Return exactly, please, the line that contains "Swatch watch MOUSE" and every line after it through the end of the material that follows, leaving pictures aside.
*** Block opens ***
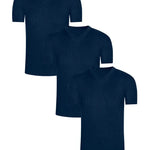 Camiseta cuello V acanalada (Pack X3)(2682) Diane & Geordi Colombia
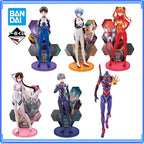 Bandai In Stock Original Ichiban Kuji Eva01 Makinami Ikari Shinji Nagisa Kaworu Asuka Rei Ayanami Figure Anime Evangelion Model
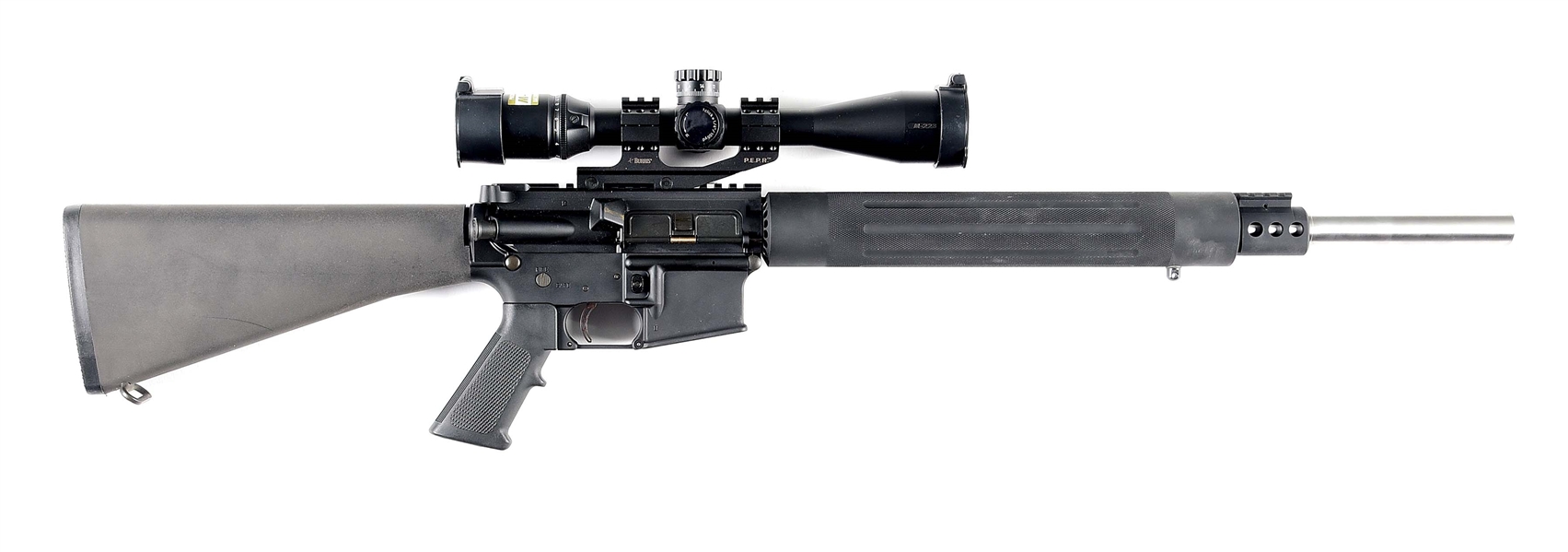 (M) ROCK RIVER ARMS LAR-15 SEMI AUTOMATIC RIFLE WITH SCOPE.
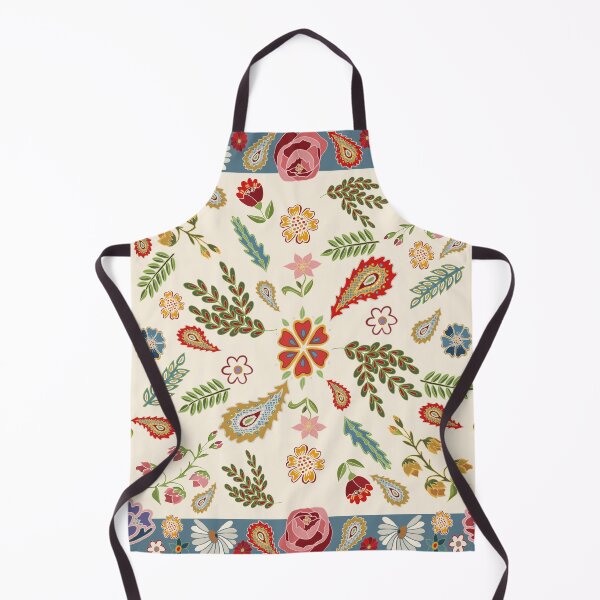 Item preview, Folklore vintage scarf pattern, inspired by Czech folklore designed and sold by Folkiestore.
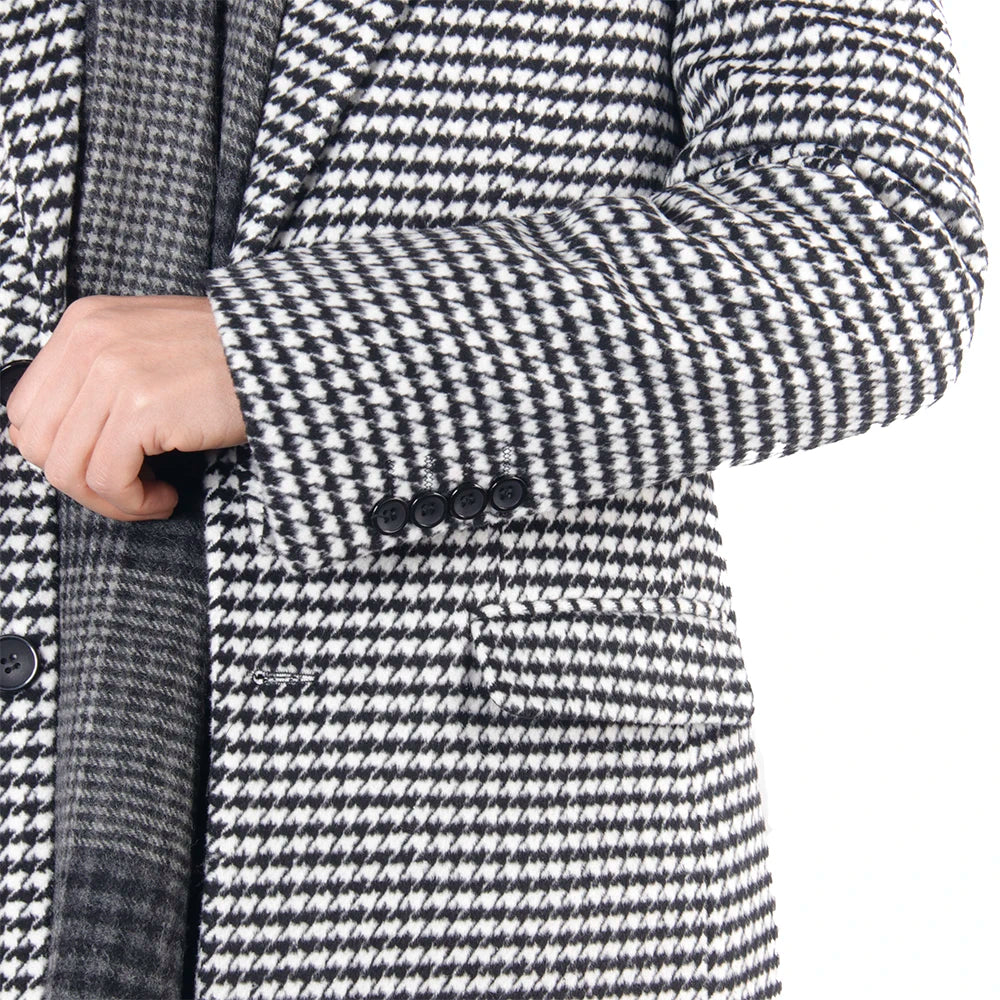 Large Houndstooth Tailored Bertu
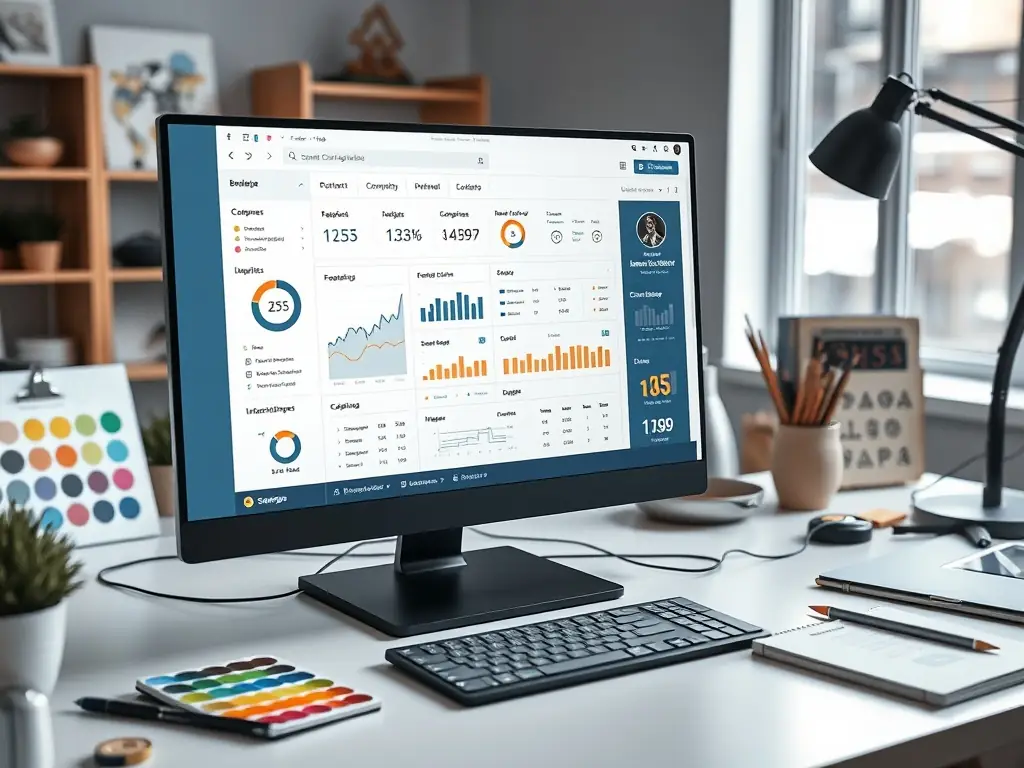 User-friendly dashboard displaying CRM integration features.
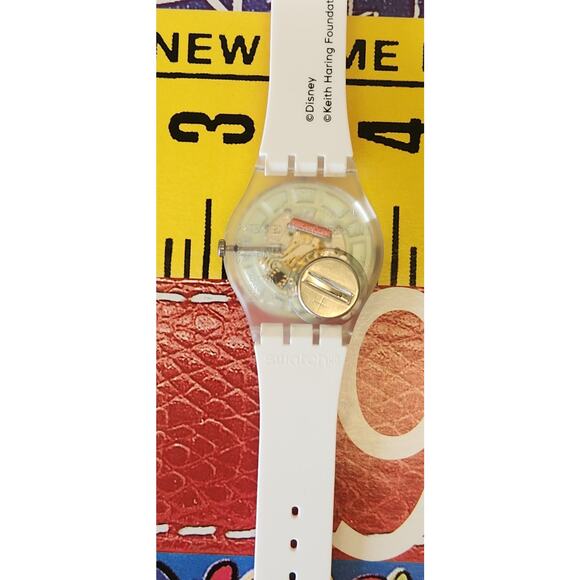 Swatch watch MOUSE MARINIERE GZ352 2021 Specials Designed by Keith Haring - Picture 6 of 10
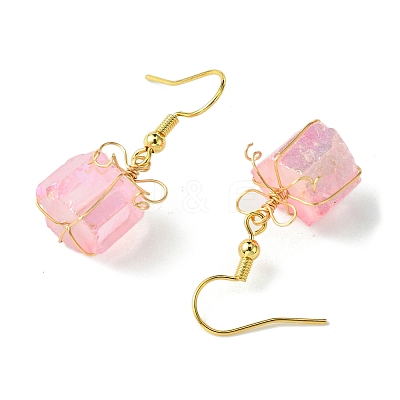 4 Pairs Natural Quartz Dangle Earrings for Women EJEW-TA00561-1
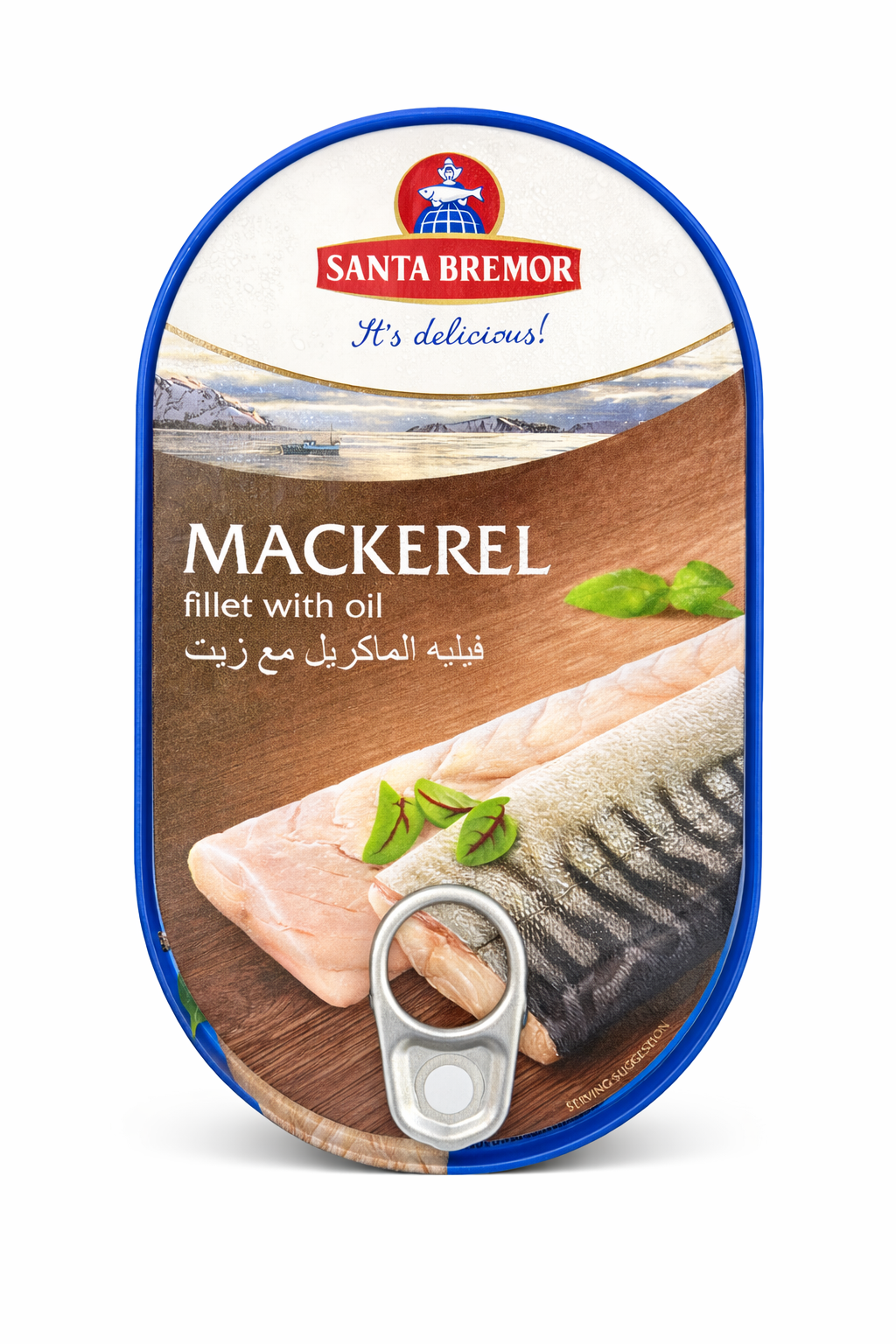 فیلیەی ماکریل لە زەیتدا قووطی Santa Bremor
*** Block closes ***
## Response to the task
 Swatch watch MOUSE MARINIERE GZ352 2021 Specials Designed by Keith Haring - Picture 6 of 10
 4 Pairs Natural Quartz Dangle Earrings for Women EJEW-TA00561-1
 فیلیەی ماکریل لە زەیتدا قووطی Santa Bremor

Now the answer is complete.